Combinatorial Optimization for Barter Exchange and Tumor Phylogeny Inference
Files
(RESTRICTED ACCESS)
Publication or External Link
Date
Authors
Advisor
Citation
DRUM DOI
Abstract
Combinatorial Optimization is a field with rich history encompassing problems that are fundamental to Computer Science with important applications. Despite the many decades-long maturity of Combinatorial Optimization, new important problems continue to arise in response to emerging technologies and datasets. Additionally, even the slightest variations in problem statements can render previous approaches unworkable. In this doctoral thesis we will focus on two such problems. First, we explore a centralized barter exchange problem, motivated by the rise of online marketplaces and social media. Second, we explore the problem of tumor phylogeny inference, motivated by recent advances in single-cell sequencing technologies and the continued demands of ever-growing datasets.

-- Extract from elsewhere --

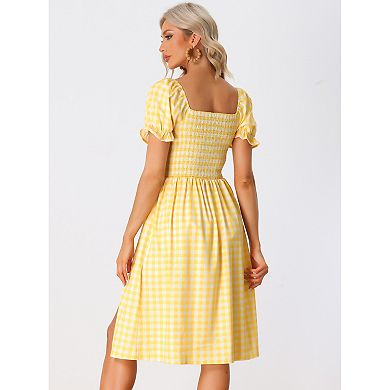 Smocked Dress for Women's Gingham Square Neck Short Sleeve Casual Plaid Dress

First, we study a centralized barter exchange model where agents enter with a set of items they have available to trade, and a set of items they want. Additionally, every item has some fixed positive value. For example, in an exchange between trading card collectors, agents looking to broaden their collections can enter aiming to exchange cards they have repeats of for cards that they do not yet have. The clearinghouse, i.e., the party facilitating the centralized barter exchange, is tasked with the goal of outputting a reallocation that maximizes the welfare of agents subject to no agent being unhappy (an unhappy agent gives away more value than they receive). We study two subproblems: Barter Exchange with Symmetric Valuations (BSV) and Barter Exchange with Asymmetric Valuations (BAV). BSV and BAV are, respectively, the settings when agents agree on item values and when agents may have their own individual item valuations. Both BSV and BAV are NP-hard. On the flip side, we design randomized algorithms for both of these problems that guarantee, in expectation, maximum welfare and that every agent receives at least as much value as they give away. Additionally, for BAV, with probability 1, every agent receives at least as much value as they give away, minus the value of two items. In the case of BSV, the guarantee is strengthened to, with probability 1, each agent receiving at least as much value as they give away minus the value of a single item. Finally, in BAV, agents can improve their utility by misreporting their valuations. We design a mechanism that is incentive compatible (i.e., an agent maximizes their utility by reporting their true valuation).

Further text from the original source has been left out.